- [Work to complete] Write out exactly the lines below starting at the one containing "Save the date-Karte" and ending at the one containing "Schnittmuster Mädchenkleid in A-Linien GEMMA". Omit every picture.

- [Source material]

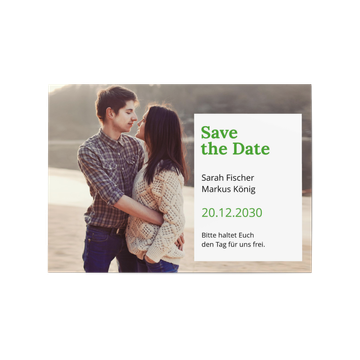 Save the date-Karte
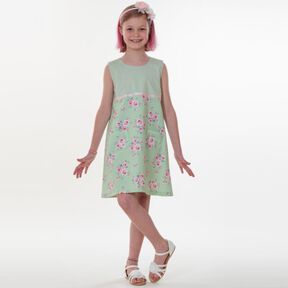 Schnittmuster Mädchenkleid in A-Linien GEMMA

* * *

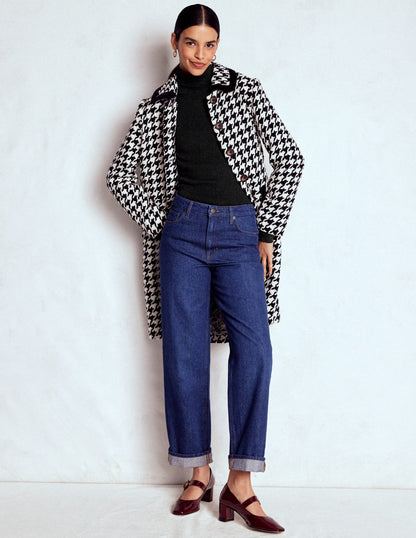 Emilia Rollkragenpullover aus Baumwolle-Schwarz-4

...

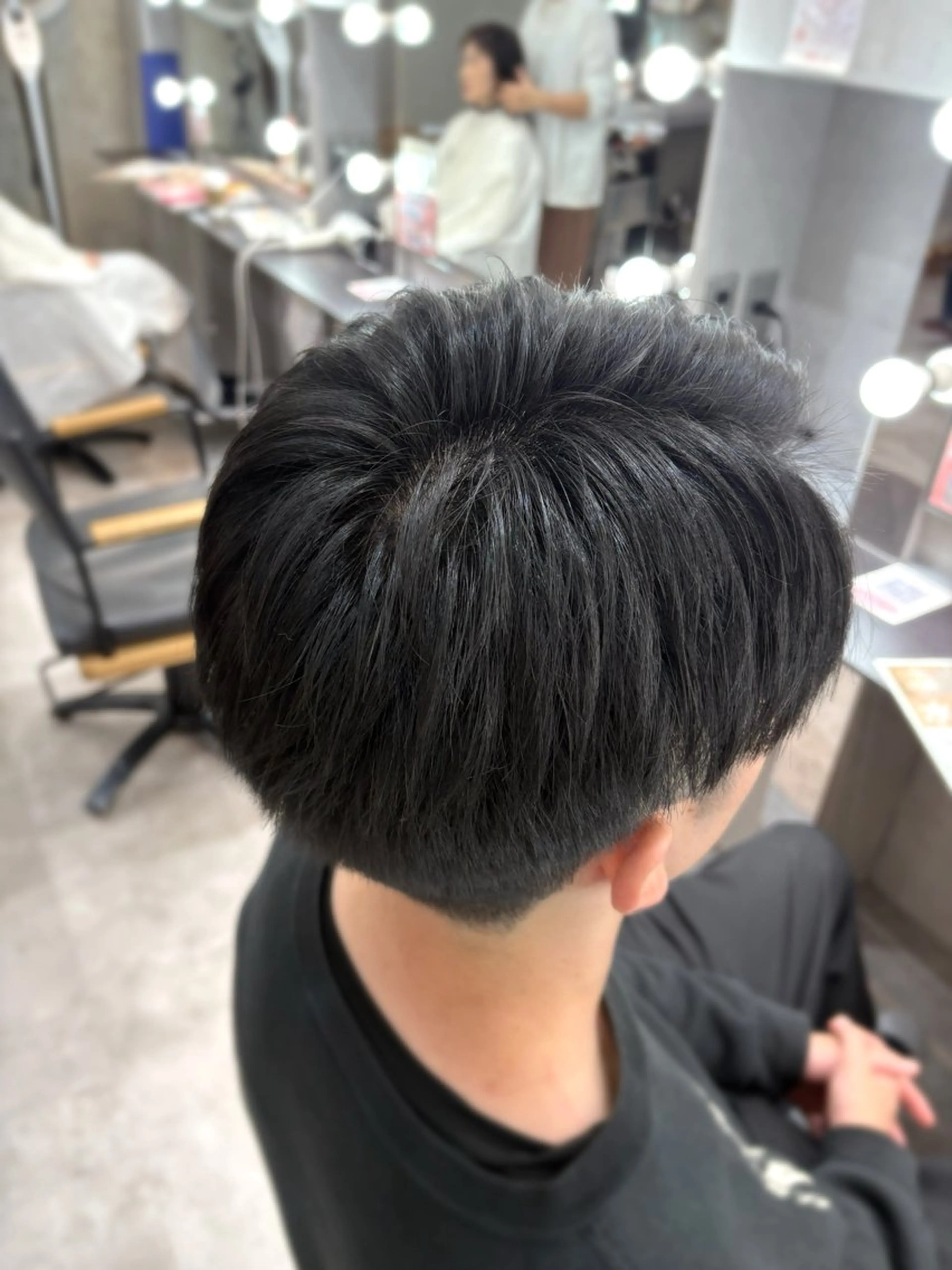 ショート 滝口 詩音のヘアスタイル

- [Problem solution]
 Save the date-Karte
 Schnittmuster Mädchenkleid in A-Linien GEMMA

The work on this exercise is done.